Graph depicts the development of gas price since 2000 with year on the x-axis and with plots depicting Japan, USA, Average German import price, British spot market.

Fig. 1.2[[dot]] Gas price developments since 2000 [1].

Map depicts the regional distribution of natural gas potential in Europe, CIS States, North America, Africa, Middle East, Central/South America, Southern or Eastern Asia, and Oceania.

Fig. 1.3[[dot]] Regional distribution of natural gas potential [1].

The use of natural gas involves transport and storage difficulties. Transport via pipelines is economic up to a distance of 4000–5000 km, depending on the boundary conditions. In the case of difficult geographic circumstances, such as supplies to islands, e.g. Japan and Taiwan, or where it is necessary to cross mountain ranges, supplying gas via a pipeline is much more difficult and costly. Therefore, the method of liquefying natural gas and then transporting it over great distances in ships had already become established by the mid‐20th century.

LNG technology takes advantage of the physical material behaviour of natural gas, the main constituent of which is methane. At the transition from the gaseous to the liquid state, the volume is reduced to 1/600. However, this requires the temperature of the gas to be lowered to ‐162°C. Only this extreme reduction in volume makes transport in ships economically viable. The entirety of the elements required for transporting LNG in ships is known as the “LNG chain”, which consists of the liquefaction plant in the country supplying the gas, LNG tanks for intermediate storage of the liquefied gas, jetties as berths for the special LNG transport vessels, tanks for the intermediate storage at the receiving (i.e. import) terminal and a regasification plant in the country importing the gas.

It is common practice these days to build full containment tanks, which consist of an outer concrete secondary container surrounding an inner steel primary container. The prestressed concrete outer container serves to protect the thin‐wall steel inner container against external actions and also functions as a backup container in the event of the failure of the primary container. The outer container must prevent uncontrolled leakage of vapours into the environment and must also be able to contain the liquefied gas and withstand any overpressure.

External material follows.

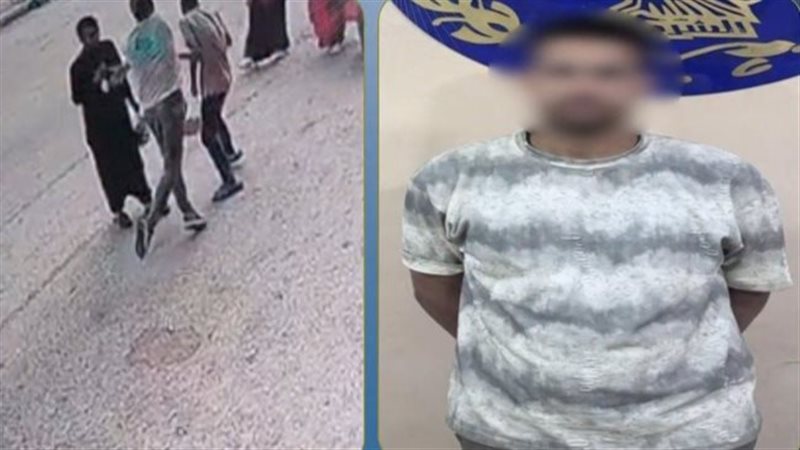 الاعتداء على شخص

The great hazard potential of LNG is the risk of fire. If LNG changes to its gaseous state and mixes with air, the result is a combustible gas that can explode, and certainly burns very fiercely. Safe transport and storage are the technical challenges of LNG. At these low temperatures, the materials normally used in the construction industry exhibit a distinctly brittle behaviour and fail abruptly. During normal operation, the steel inner container takes on the temperature of the liquefied gas and cools to ‐165°C. In order to guarantee sufficient ductility at this temperature, the inner container must be made from 9% nickel steel or stainless steel. Thermal insulation about 1 m thick is placed between the steel inner and concrete outer containers.

Between the underside of the steel inner tank and the base slab of the concrete outer tank, the thermal insulation consists of loadbearing cellular glass (often called foam glass). The annular space between the inner and outer containers is filled with perlite, and a layer of elastic material (resilient blanket) is installed to compensate for the horizontal thermal deformation of the inner container. The insulation on the aluminium roof of the inner container is made from glass fibre or perlite. What at first sight seem to be very generous dimensions are necessary in order to keep the boil‐off rate below 0.05% by vol. per day. Should the inner container fail, the inside face of the concrete outer container cools to ‐165°C, and that calls for the use of special reinforcement that can resist such low temperatures. The dynamic design for the seismic load case must take into account the action of the sloshing of the liquid and the interaction with the concrete outer container. The tank must be designed to withstand a so‐called operating basis earthquake (OBE), i.e. is not damaged and remains operable, and also for a so‐called safe shutdown earthquake (SSE).


  1. 1 Flüchtige Zukunft. Wirtschaftswoche, No. 32, 2012, pp. 58–65.